Records drawn from a dataset
=-=-=

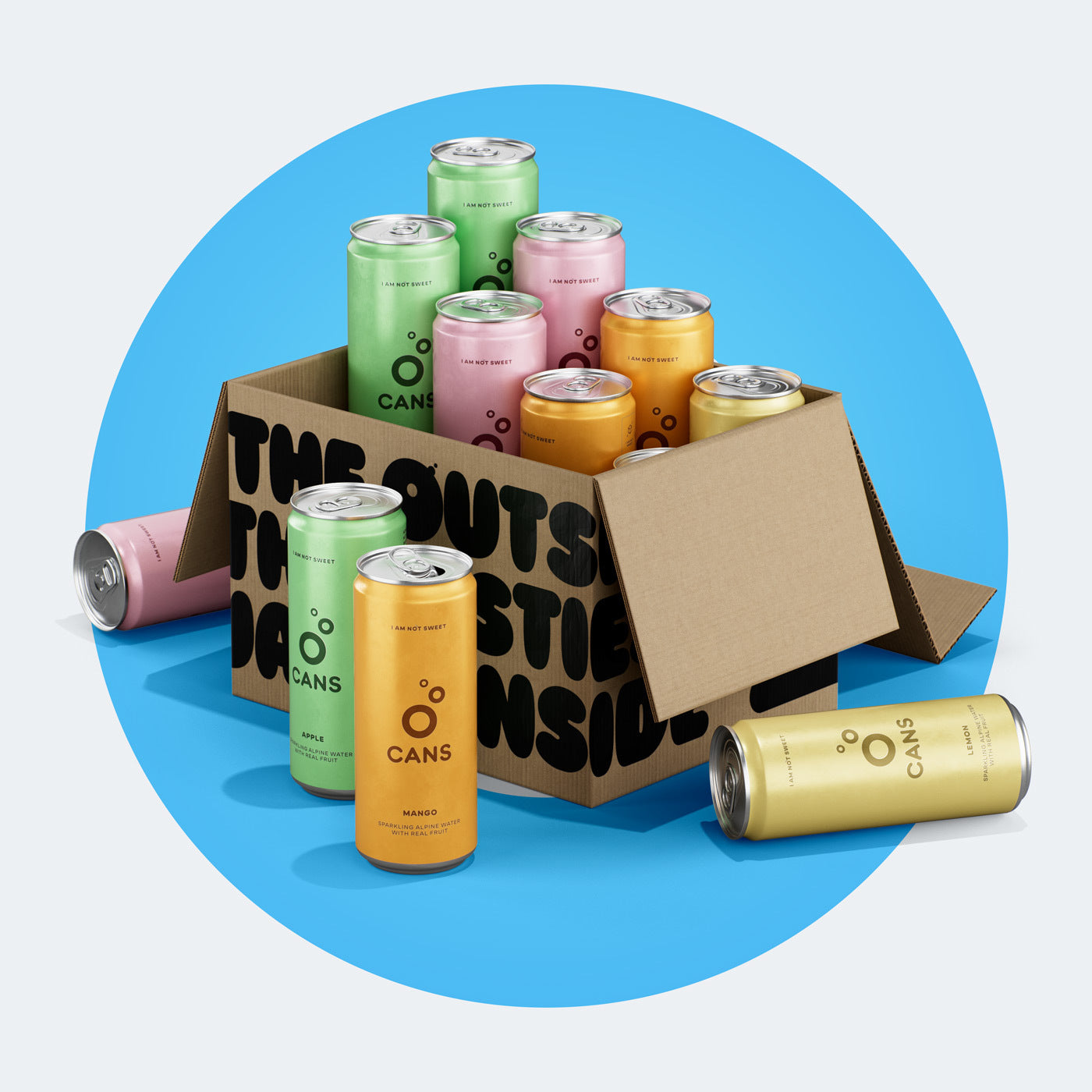 CANS STARTER PACK -- 12 × 330ml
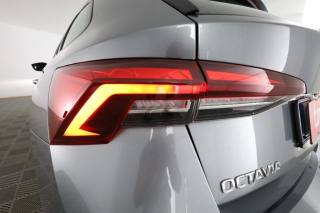 SKODA Octavia usata 14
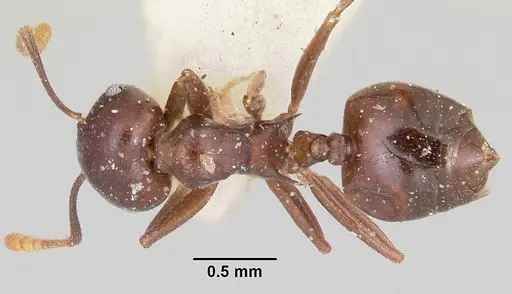 Crematogaster hova specimen CASENT0101804 image casent0101804_1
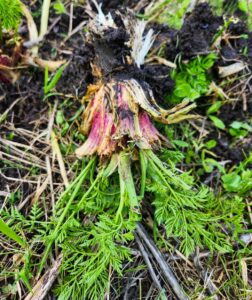 Poison hemlock, dug out of the ground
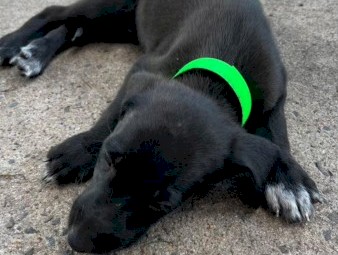 Kelpie x collie Pups 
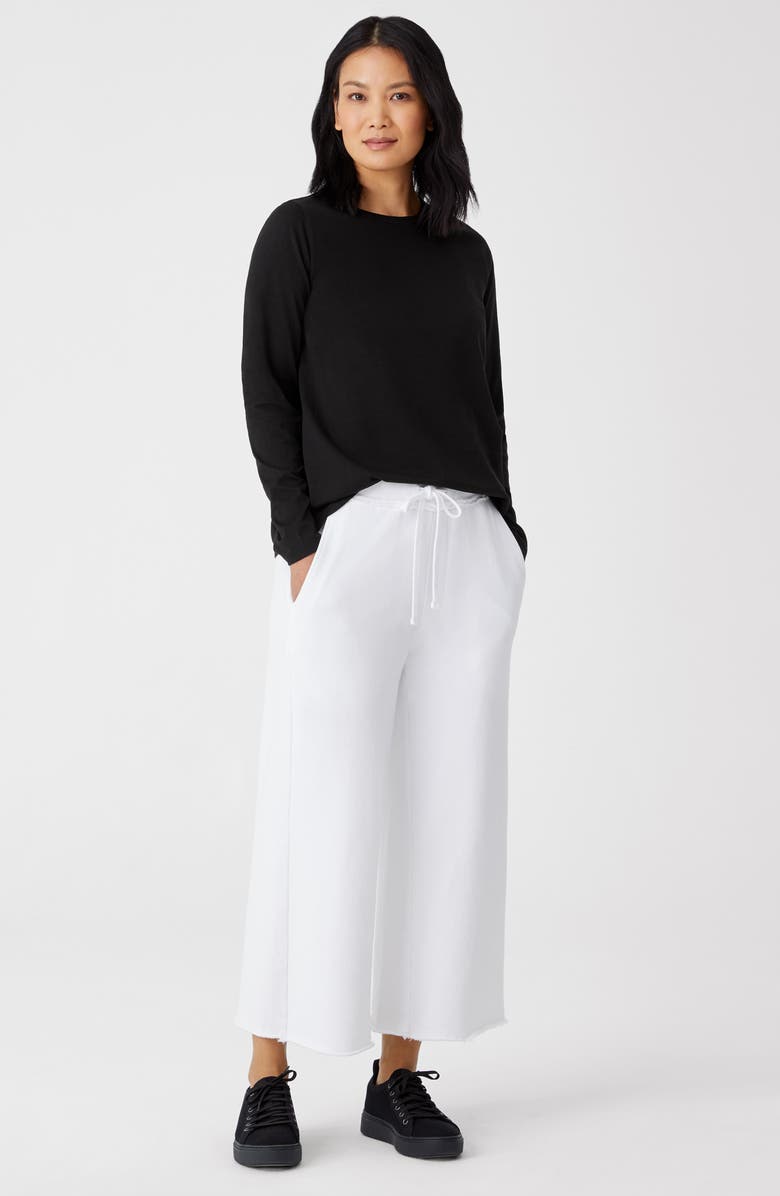 Eileen Fisher Organic Cotton Long Sleeve Funnel Neck T-Shirt, Alternate, color, 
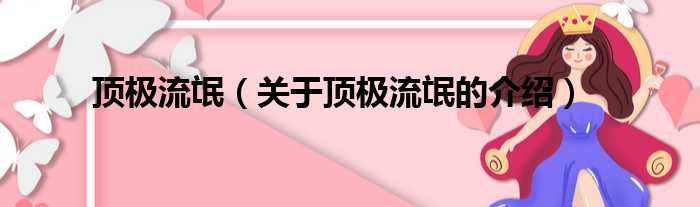 顶极流氓（关于顶极流氓的介绍）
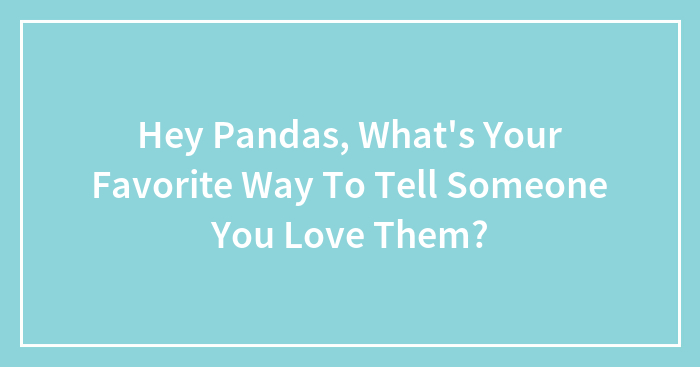 Hey Pandas, What’s Your Favorite Way To Tell Someone You Love Them? (Closed)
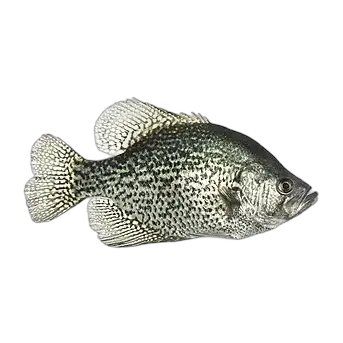 Black Crappie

=-=-=

* _WHAT YOU NEED TO DO_: The records above are to be copied exactly, with no pictures carried over.

* _TASK ANSWER_:
 CANS STARTER PACK -- 12 × 330ml
 SKODA Octavia usata 14
 Crematogaster hova specimen CASENT0101804 image casent0101804_1
 Poison hemlock, dug out of the ground
 Kelpie x collie Pups 
 Eileen Fisher Organic Cotton Long Sleeve Funnel Neck T-Shirt, Alternate, color, 
 顶极流氓（关于顶极流氓的介绍）
 Hey Pandas, What’s Your Favorite Way To Tell Someone You Love Them? (Closed)
 Black Crappie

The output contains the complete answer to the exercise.